Khutbah Jumat: Jangan Kendor, Syawal Bulan Peningkatan

 
Khutbah Jumat: Jangan Kendor, Syawal Bulan Peningkatan
Sumber Gambar: Foto Ist

KHUTBAH PERTAMA

الْحَمْدُ لِلَّهِ الَّذِي امْتَنَّ عَلَى الْعِبَادِ بِأَنْ يَجْعَلَ فِي كُلِّ زَمَانِ فَتْرَةٍ مِنَ الرُّسُلِ بَقَايَا مِنْ أَهْلِ الْعِلْمِ، يَدْعُونَ مَنْ ضَلَّ إِلَى الْهُدَى، وَيَصْبِرُونَ مِنْهُمْ عَلَى الأَذَى، وَيُحْيُونَ بِكِتَابِ اللَّهِ أَهْلَ الْعَمَى، أَشْهَدُ أَنْ لاَ إِلَهَ إِلاَّ اللهُ وَحْدَهُ لَاشَرِيْكَ لَهُ، شَهَادَةَ مَنْ هُوَ خَيْرٌ مَّقَامًا وَأَحْسَنُ نَدِيًّا. وَأَشْهَدُ أَنَّ سَيِّدَنَا مُحَمَّدًا عَبْدُهُ وَرَسُوْلُهُ الْمُتَّصِفُ بِالْمَكَارِمِ كِبَارًا وَصَبِيًّا. اَللَّهُمَّ صَلِّ وَسَلِّمْ عَلَى سَيِّدِنَا مُحَمَّدٍ كَانَ صَادِقَ الْوَعْدِ وَكَانَ رَسُوْلاً نَبِيًّا، وَعَلَى آلِهِ وَصَحْبِهِ الَّذِيْنَ يُحْسِنُوْنَ إِسْلاَمَهُمْ وَلَمْ يَفْعَلُوْا شَيْئًا فَرِيًّا، أَمَّا بَعْدُ،

فَيَا أَيُّهَا الْحَاضِرُوْنَ رَحِمَكُمُ اللهُ، اُوْصِيْنِيْ نَفْسِىي وَإِيَّاكُمْ بِتَقْوَى اللهِ، فَقَدْ فَازَ الْمُتَّقُوْن. قَالَ اللهُ تَعَالَى: أَعُوْذُ بِاللهِ مِنَ الشَّيْطَانِ الرَّجِيْمِ . وَمَنْ أَحْسَنُ قَوْلاً مّمّن دَعَآ إِلَى اللّهِ وَعَمِلَ صَالِحاً وَقَالَ إِنّنِي مِنَ الْمُسْلِمِينَ

Ma’asyiral Muslimin rahimakumullah

Segala puji bagi Allah yang telah memberikan kita nikmat iman dan Islam. Nikmat terbesar yang Allah karuniakan kepada hamba-Nya. Semoga kita selalu berada dalam keadaan Iman dan Islam hingga akhir hayat kita. Shalawat serta salam semoga selalu tercurah kepada Nabi Muhammad Shallallahu 'alaihi wa sallam, yang menjadi panutan kita dan tiap sunnahnya selalu kita teladani.

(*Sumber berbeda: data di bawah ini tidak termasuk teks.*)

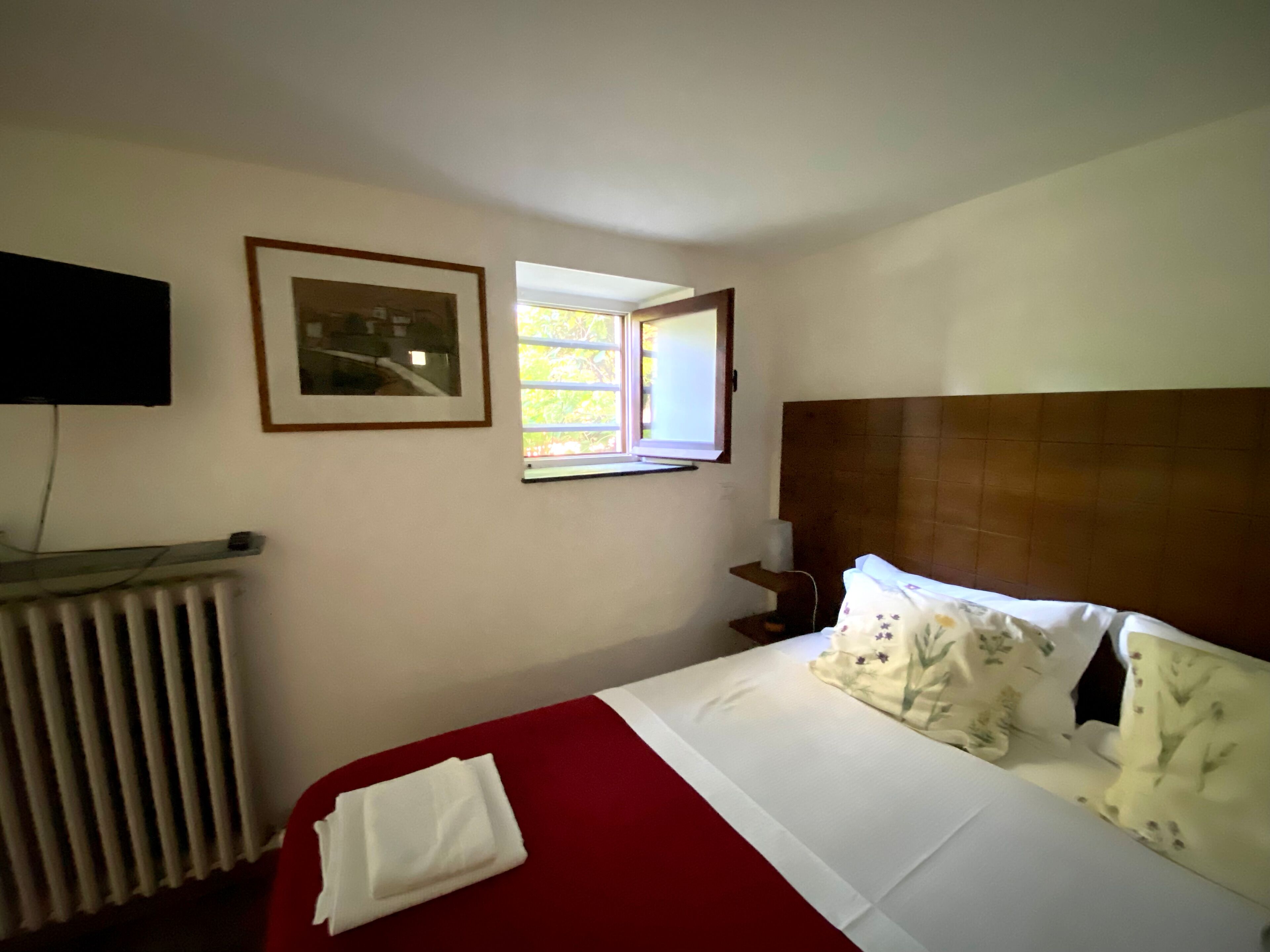 A hotel room with a bed, a window, a radiator, and a TV mounted on the wall.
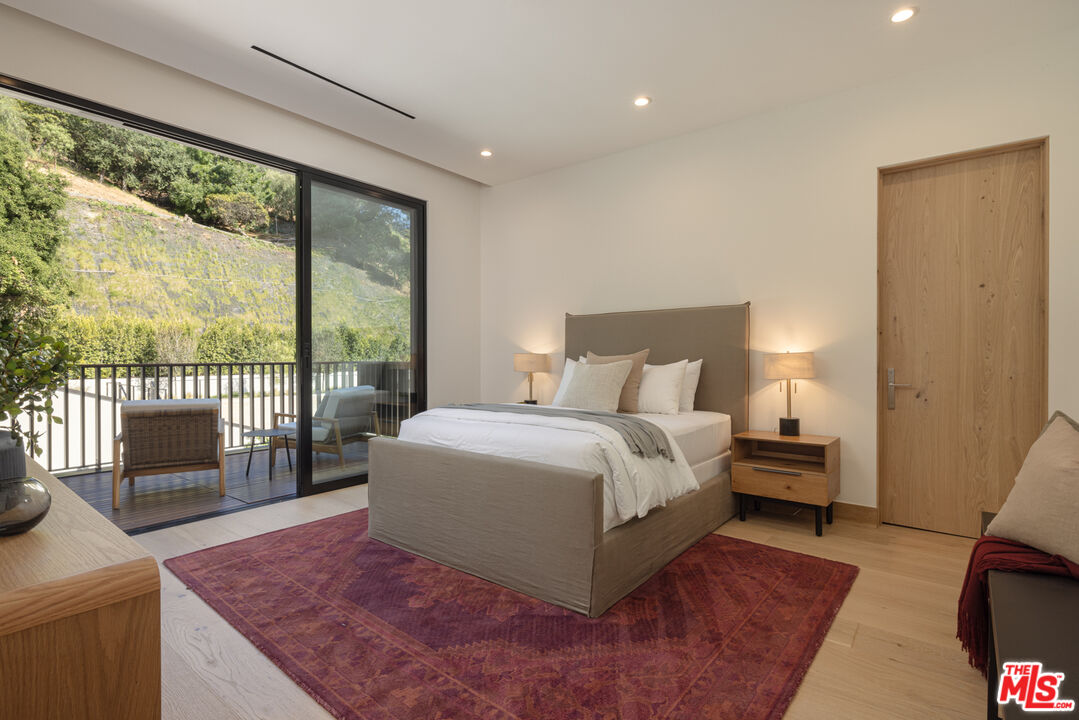 16036 Woodvale Road Encino, CA 91436 - Photo 34 of 54 a spacious bedroom with a large bed and a large window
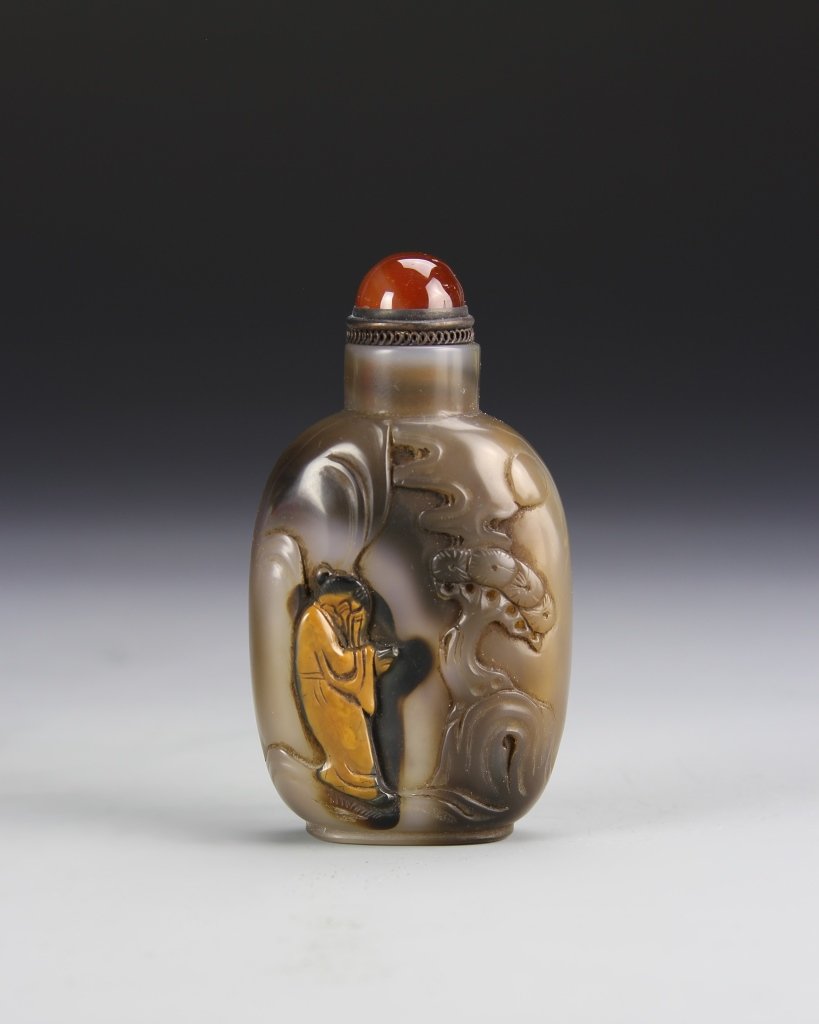 Chinese Agate Snuff Bottle: China, 19th C., agate snuff bottle, in a dark brown hue with lighter variations, carved on one side with a figure in a landscape. Height 2 7/8 in.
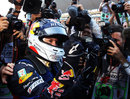 Sebastian Vettel celebrates his second world championship in a row in front of the cameras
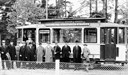En grupp herrar, 14 personer, poserar framför spårvagnen som är på väg till ”Utställningen 1928” på A 6 kasernområde. Spårvagnsföraren syns på sin plats.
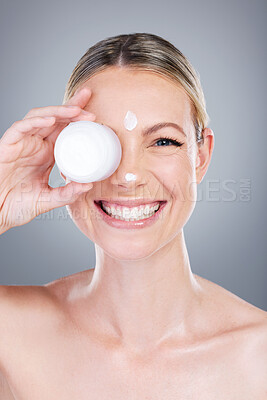 Buy stock photo Studio portrait of an attractive mature woman applying moisturiser on her face against a grey background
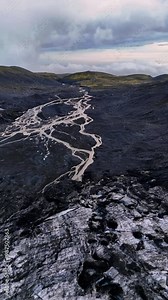Volcanic ground of black color crossed by the lines of the narrow rivers. Amazing scenery of Iceland scenery from top. Vertical video.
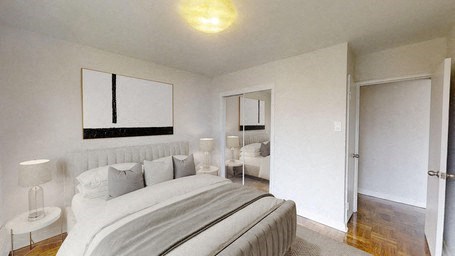 A bedroom with a large bed and a mirror above it.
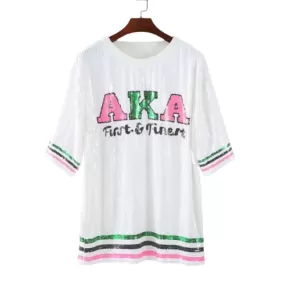 Alpha Kappa Alpha sorority sequence dress in white, featuring a large graphic AKA symbol.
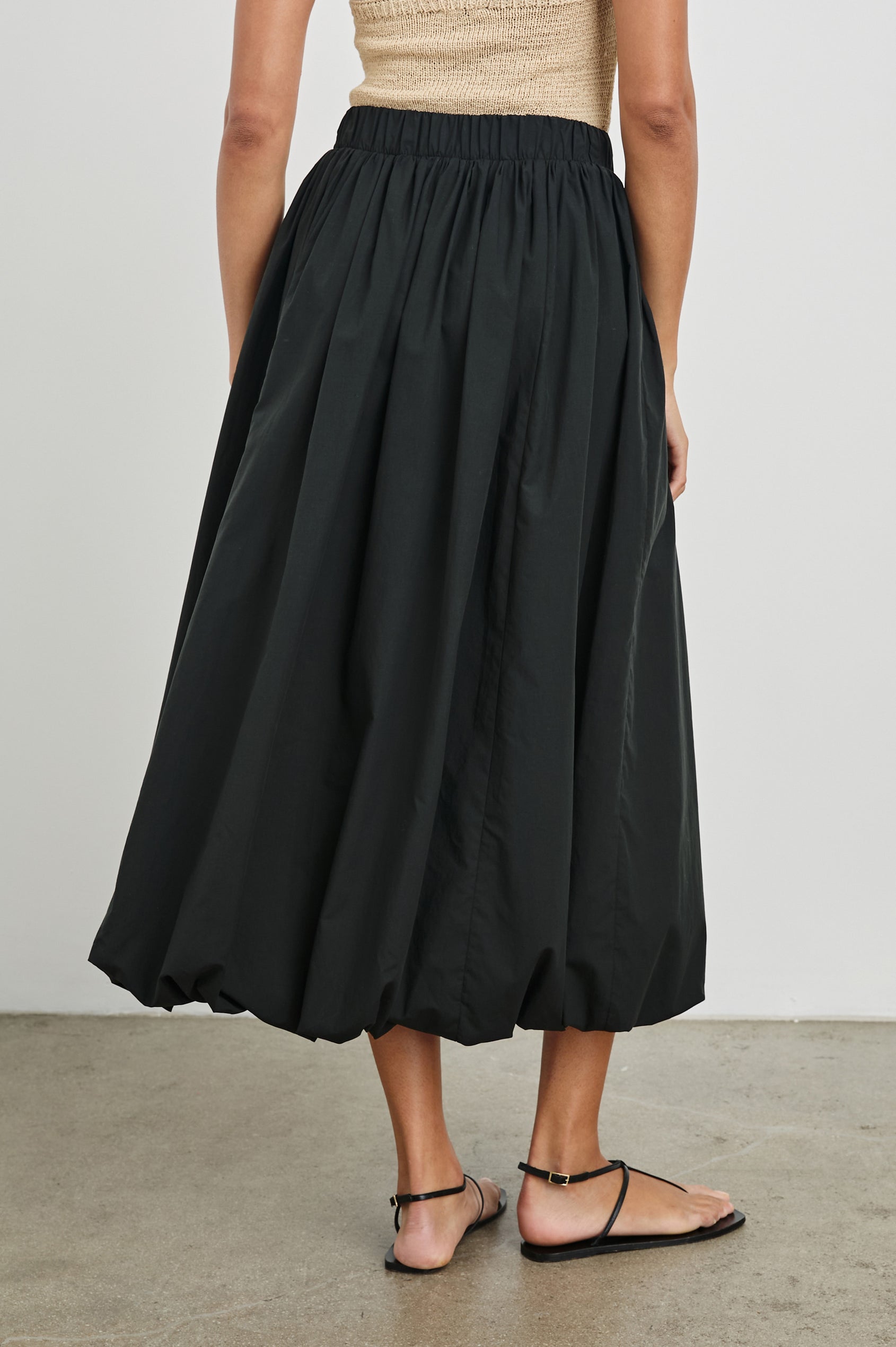 Cala midi length bubble skirt with elastic waistband and side pockets in Black - back view on model 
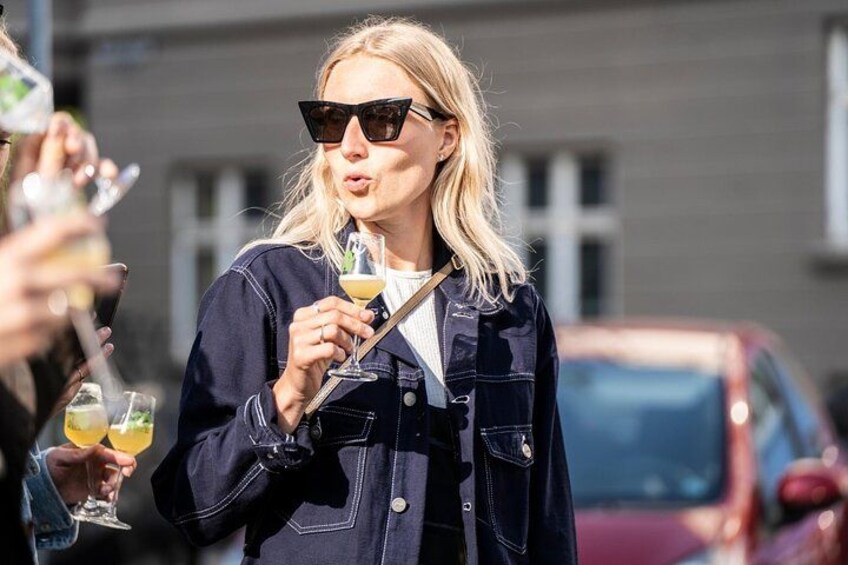 A person wearing a denim jacket holding a drink. 2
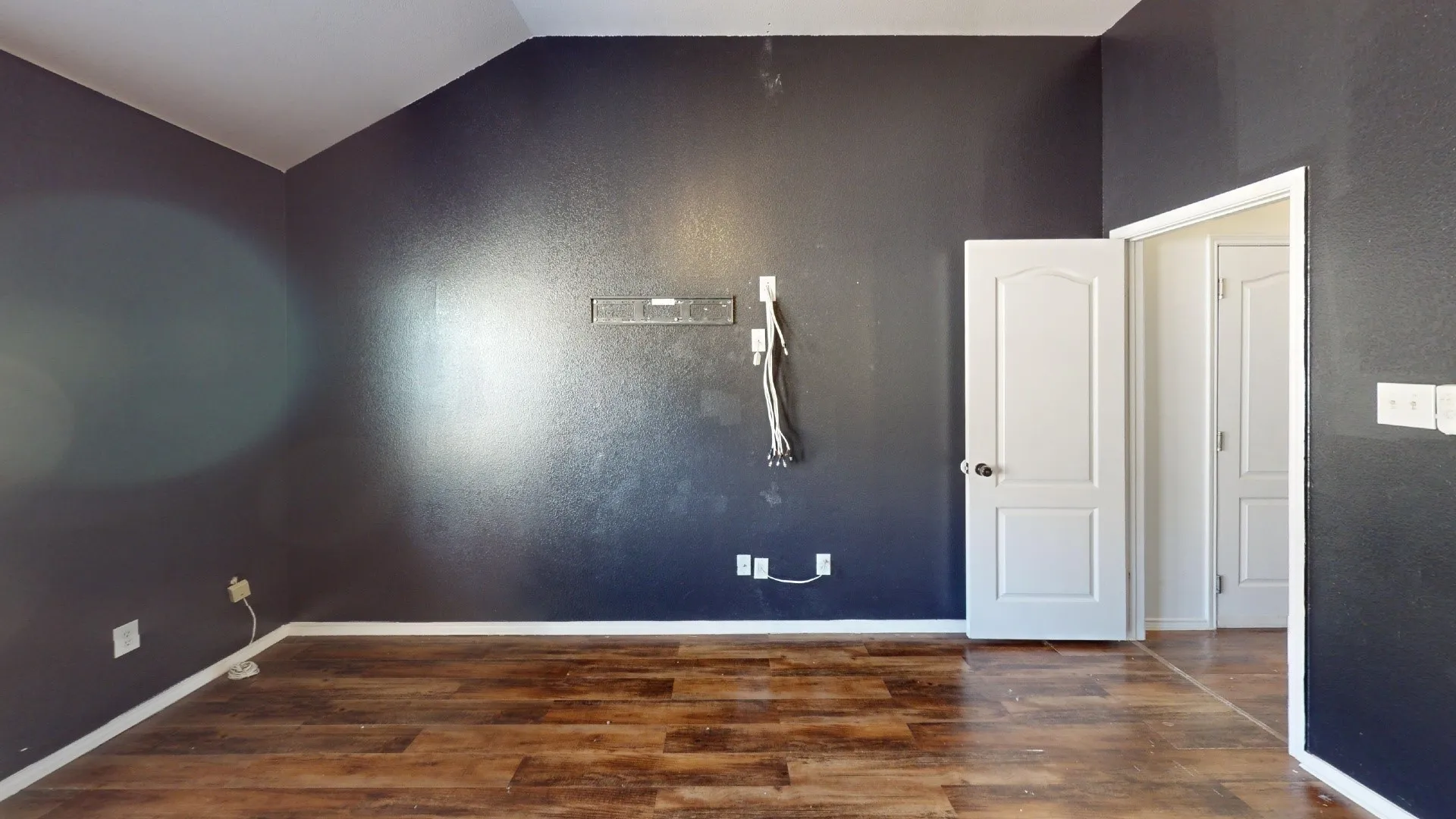 Wood-finish flooring with dark accent walls and white trim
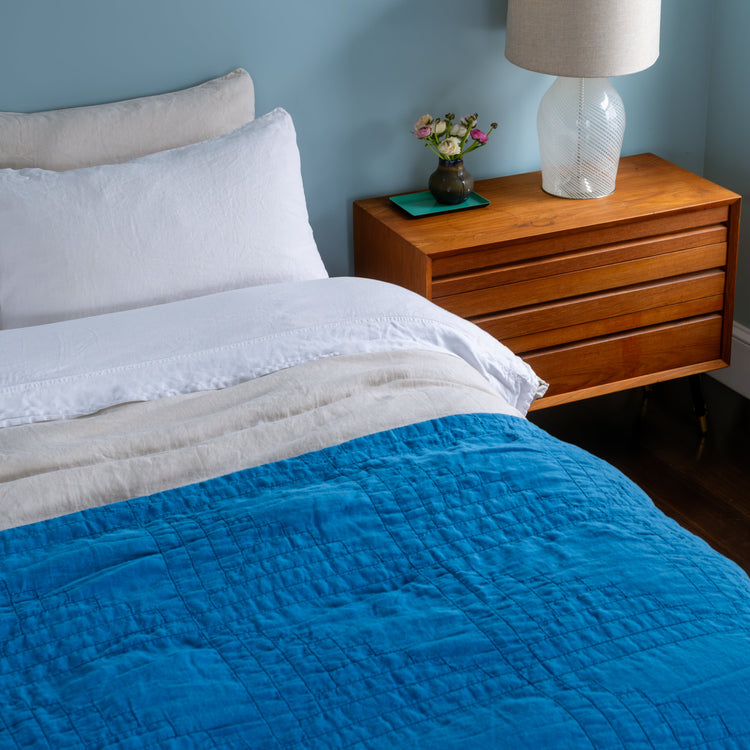 Bedroom with blue quilt, wooden nightstand, lamp, and decorative items.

Mengawali khutbah jumt’at ini, marilah kita tingkatkan ketakwaan kita dengan menjalankan hal-hal yang menyebabkan kita mendapatkan pahala, yang mengantarkan keselamatan di dunia maupun selamat di akhirat, dan selain itu, marilah kita menghindari dan menjauhi hal-hal yang menyebabkan kita mendapatkan dosa, yang mengantarkan kepada kesengsaraan di dunia maupun di akhirat.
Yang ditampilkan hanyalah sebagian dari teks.